→ WHAT TO WORK ON
For this listing, reproduce the line with "Pseudostratified columnar ciliated", the line with "Doctors can easily", and the lines between, exactly as they stand. Leave out pictures and all other lines.

→ ENTRIES SUPPLIED
•••••

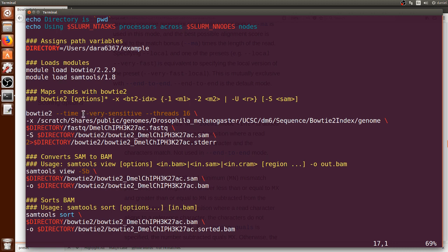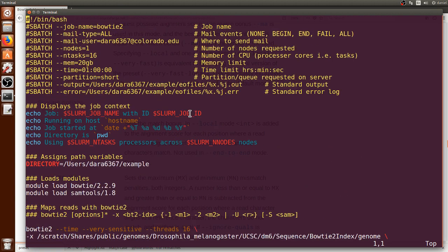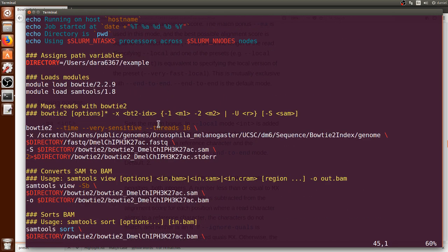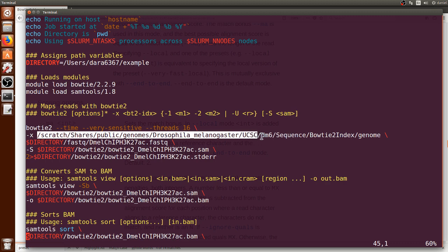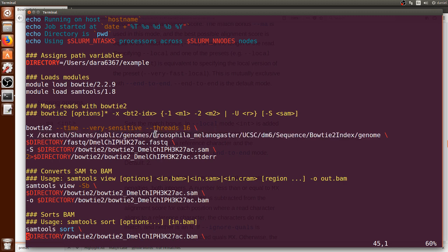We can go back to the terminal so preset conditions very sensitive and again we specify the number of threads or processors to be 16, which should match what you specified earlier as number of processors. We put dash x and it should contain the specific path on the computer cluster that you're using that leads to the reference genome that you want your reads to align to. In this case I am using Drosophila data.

•••••

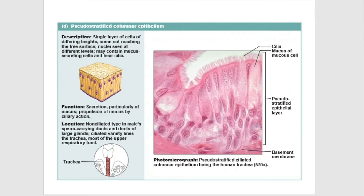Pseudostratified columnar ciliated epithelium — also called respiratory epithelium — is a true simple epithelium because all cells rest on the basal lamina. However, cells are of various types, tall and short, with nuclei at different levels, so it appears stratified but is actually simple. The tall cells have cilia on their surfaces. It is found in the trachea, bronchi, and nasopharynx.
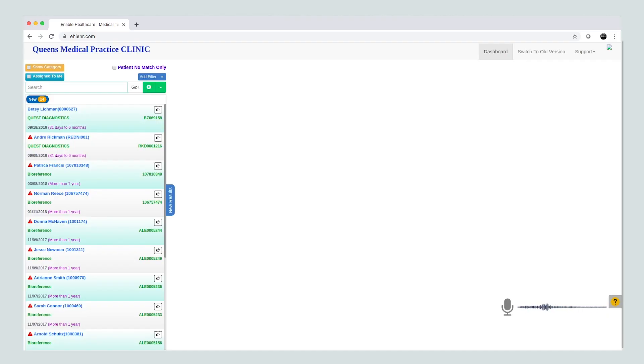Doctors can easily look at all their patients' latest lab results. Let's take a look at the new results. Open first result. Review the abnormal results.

•••••

→ TASK RESPONSE
Pseudostratified columnar ciliated epithelium — also called respiratory epithelium — is a true simple epithelium because all cells rest on the basal lamina. However, cells are of various types, tall and short, with nuclei at different levels, so it appears stratified but is actually simple. The tall cells have cilia on their surfaces. It is found in the trachea, bronchi, and nasopharynx.
Doctors can easily look at all their patients' latest lab results. Let's take a look at the new results. Open first result. Review the abnormal results.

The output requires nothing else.